Is it possible to use Feature Learning for Binary Text Classification? - machine-learning

I'm currently working with the CHILDES corpus trying to create a classifier that distinguishes children whom suffer from specific language impairment (SLI) from those who are typically developing (TD).
In my readings I noticed that there really isn't a convincing set of features to distinguish the two that have been discovered yet, so I came upon the crazy idea of trying to create a feature learning algorithm that could potentially make better ones.
Is this possible? If so how do you suggest I approach this? From the reading I have done, most feature learning is done on image processing. Another problem is the dataset I have is potentially too small to make it work (in the 100's) unless I find a way to get more transcripts from children.

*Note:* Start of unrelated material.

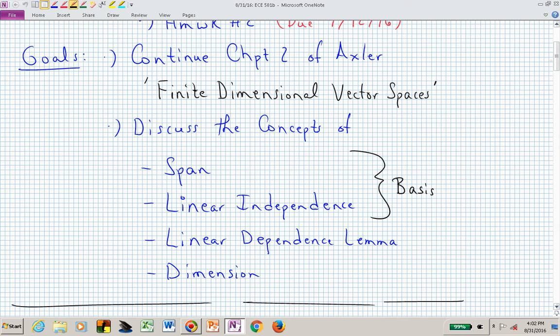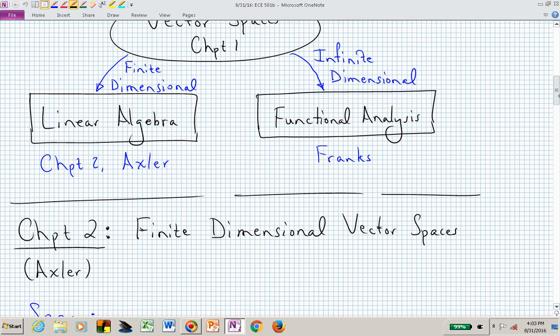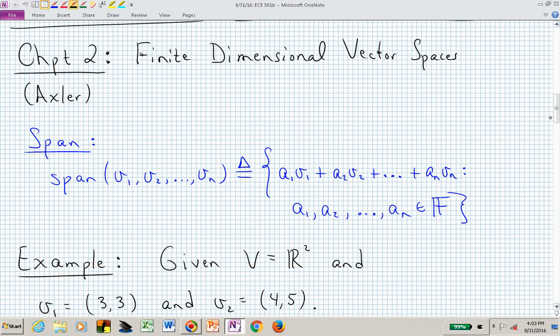Here's the overall picture: vector space is a general concept and we can go in two different directions. We can focus on finite dimensions, dealing with the first textbook, Axler's linear algebra. If we go toward infinite dimensional vector spaces, that's the second textbook by Frank, which is functional analysis. Right now we want to build a strong foundation with finite dimensions that will naturally allow us to bridge into infinite dimensional concepts, hopefully making for a smoother transition.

Create a dataset consisting of children text with three labels:
1- Normal
2- SLI
3- TD
So you'll have 3 labels.
You put aside 40% of your dataset 20% for development and 20% for test.
Then you run a LogisticRegression Classifier (e.g. using scikit-learn) using bag of character n-gram features. You can easily do this by TfidfVectorizer in scikit-learn.
Then you train the model over the 60% training set and you tune the hyper-parameters (e.g. regularization strength) by choosing the best performing development model.
Then, you train again using the chosen hyper-parameters and you get the top important features as in this example.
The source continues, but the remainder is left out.